The present invention refers to the use of a flexible, energy efficient method for separating into fractions a mix of fatty acids resulting from fermentation.
FIEED OF THE INVENTION
It is well known in the art to separate substances through means of determining their respective boiling points at certain pressures and to then separate them through means of a distillation column. It is however quite a challenge when multiple substances need to be separated from each other and furthermore if the mix of substances is not a constant over time. This is a problem that presents itself when fermenting organic waste into fatty acids.
The distribution of acids will vary over time, mostly due to the type of organic waste used in the fermentation process, but also the microbial composition which may vary over time. Fatty acids that can be produced as a mix of acids through fermentation are, C2 - CIO, but foremost C2 - C8 fatty acids. These acids can be both straight chain and branched acids, such as acetic acid, propionic acid, butyric acid, iso-butyric acid, pentanoic acid, iso-pentanoic acid, hexanoic acid, iso-hexanoic acid, heptanoic acid, iso-heptanoic acid, octanoic acid & iso- octanoic acid. There is a great need to be able to separate this mix of fatty acids, where the distribution between the fatty acids indeed will vary over time, in a flexible and energy efficient way.
SUMMARY OF THE INVENTION
Accordingly, with reference to accompanying figure, the invention refers to the use of a flexible, energy efficient method for separating into fractions a mix of fatty acids resulting from fermentation, said mix of fatty acids comprising at least three fatty acids selected from the group consisting of straight-chain or branched C2 - CIO fatty acids, but foremost C2 - C8 fatty acids. These acids can be both straight chain and branched acids, such as acetic acid, propionic acid, butyric acid, iso-butyric acid, pentanoic acid, iso-pentanoic acid, hexanoic acid, iso-hexanoic acid, heptanoic acid, iso-heptanoic acid, octanoic acid & iso-octanoic acid. The invention is characterized in that the mix of fatty acids, optionally after a pre-separation where acetic acid and possible water is removed from the stream, is fed into an inlet arrangement (10) of a dividing wall column (1), said dividing wall column (1) being provided with means for controlling temperature and pressure inside said dividing wall column (1). The dividing wall column (1) is further provided with a first outlet arrangement (11) at the top of the dividing wall column (1), a second outlet arrangement (12) at the middle of the dividing wall column (1) and a third outlet arrangement (13) at the bottom of the side wall column (1). At least the temperature and the pressure in the dividing wall column (1) is adjusted after analysis of the distribution of fatty acids in the mix of fatty acids prior to being fed into the inlet arrangement (10).

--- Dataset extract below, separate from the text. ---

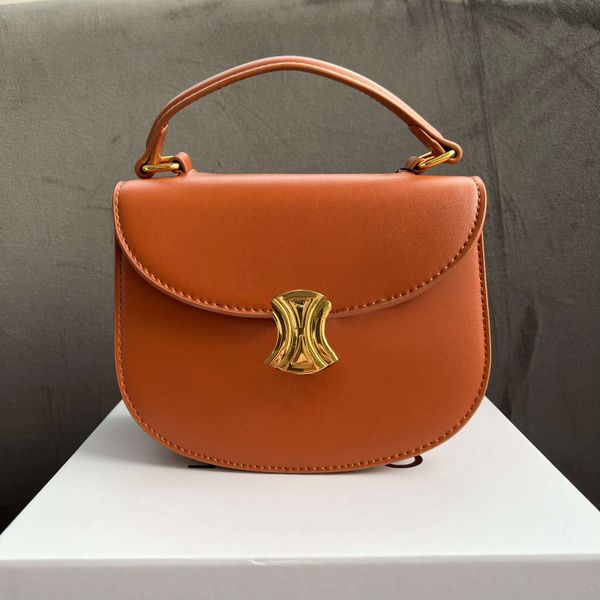 luxury designer saddle bag triomphe tofu totes cross body flap bag genuine leather shoulder bags lady fashion clutch handbags teen triomphe
luxury designer saddle bag triomphe tofu totes cross body flap bag genuine leather shoulder bags lady fashion clutch handbags teen triomphe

According to one embodiment of the invention, the inlet arrangement (10) comprises at least two inlets arranged at different heights, that the inlets are provided with guided inlet valves (10a, 10b etc), the guided inlet valves (10a, 10b etc) being selectively opened or closed depending of the result of the analysis of the fatty acid distribution.
The first and third outlet arrangement (11 and 13 respectively) are suitably provided with each one guided outlet valve (11a and 13a respectively), the guided outlet valves (11a and 13a respectively) regulating the flow depending of the result of the analysis of the fatty acid distribution. The first outlet arrangement (11) may advantageously comprise a reflux drum (1 lb) with a partial recirculation of the stream. The second outlet arrangement (12) suitably comprises at least two outlets arranged at different heights. The outlets are then each provided with guided outlet valves (12a, 12b etc), the guided outlet valves (12a, 12b etc) being selectively opened or closed and/or regulating the flow depending of the result of the analysis of the fatty acid distribution.

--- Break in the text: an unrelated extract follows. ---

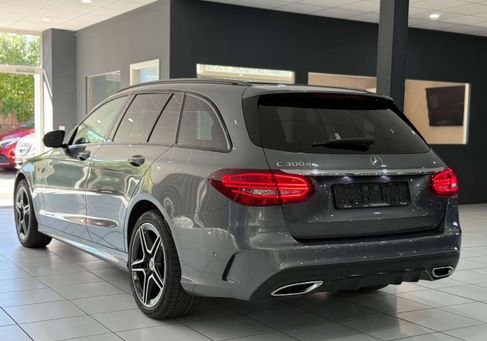 Mercedes-Benz C 300, 2021 3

In accordance with an optional embodiment of the invention C2 acid is separated from the mix of fatty acids prior to feeding it into the dividing wall column (1). The C2 acid is then separated from the mix of fatty acids through means of a column 4 having an inlet 4a and an outlet 4b for remaining mix of fatty acids and an outlet (41) for C2 acid and possible water. The column (4) may be of a simpler design which is easy to control. The C2 acid stream may advantageously be fed back to the fermentation equipment.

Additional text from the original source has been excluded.